わかりやすい日本語を書くために
わかりやすい文章の条件

日本語にはこれが正しい書き方というルールがない

残念なことに、日本語を書く上で、これが唯一無比のルールはありません。もちろん、文法はありますが、それとて全てを包括するようなものではありません。助詞の使い方、句読点の打ち方など、基本的な使い方はあっても、こう使わなければならないという厳密なものではありません。つまり、日本語は大変曖昧なルールの上に成り立っている言語なのです。
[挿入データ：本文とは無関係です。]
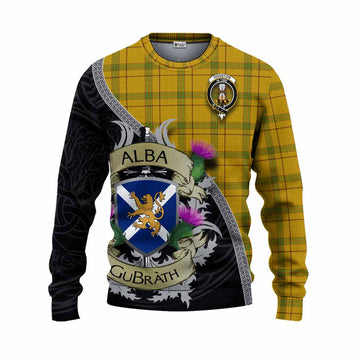 Houston Tartan Family Crest Knitted Sweater Lion Rampant Royal Thistle Shield Celtic Inspired Unisex - Tartan Vibes Clothing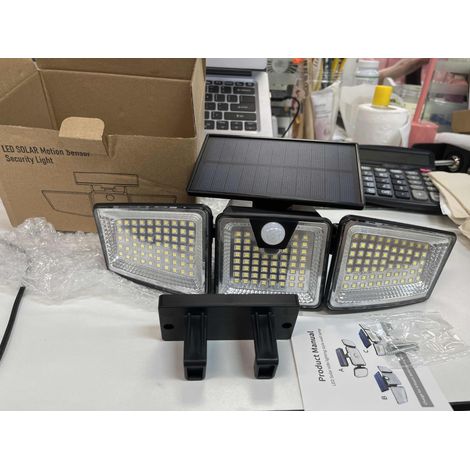Applique murale solaire LED ultra-lumineuse à détecteur de mouvement pour terrasse extérieure, triple applique murale étanche IP65, angle réglable, éclairage sur trois côtés (1/3)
ということは書き手の力量 によって同じことを書いても、分かりやすい、分かりにくいの差が出る言語ということになります。小説や詩歌を書くのであれば別 ですが、美しい文章、優れた文章を書く必要はありません。あくまでも分かりやすい日本語を書く、ということが目的ですので、基本的な約束事だけをしっかり守ることで、第一ステップをクリアーすることが可能です。正しい書き方がないことによって、同じ文でも意味が全く異なってしまうことが日本語では発生します。

二人の子どもを連れた母親が来た

この文章は日本語として間違ってはいません。しかし、受け手によって二つの意味が出てしまいます。

・二人の子どもを連れた母親が来た
・子どもを連れた二人の母親が来た

元の文は、日本語として間違いはないものの、大変分かりにくい文章ということになります。
では分かりやすい文章の条件とはどのようなものでしょうか。実は、この「分かりやすい文章の条件」という文も、曖昧なものなのです。その理由は、「わかりやすさ」の基準が受け取る人によってまちまちだからです。しかし、分かりやすい文章を書くための方法がないわけではありません。文章を分かりやすくするために、

・むつかしくない漢字を使う(筐体:きょうたい)
・読み方がひねっていない漢字を使う(就中:なかんずく、流石:さすが)
・分かりやすい用語を使う
・分かりやすい文

といった点に注意する必要があります。これ以外に、読み手の立場を考え、

・読み手の生活年齢
・読み手の経験の背景
・読み手の読書力の程度
・読み手の情報の安定
・読み手の読み取り方
・読み手の語彙力
・読み手の持つ言語形式の知識
・読み手の読む意欲

といったことを念頭に置きながら文章を書くだけで、分かりやすい文章になると思われます。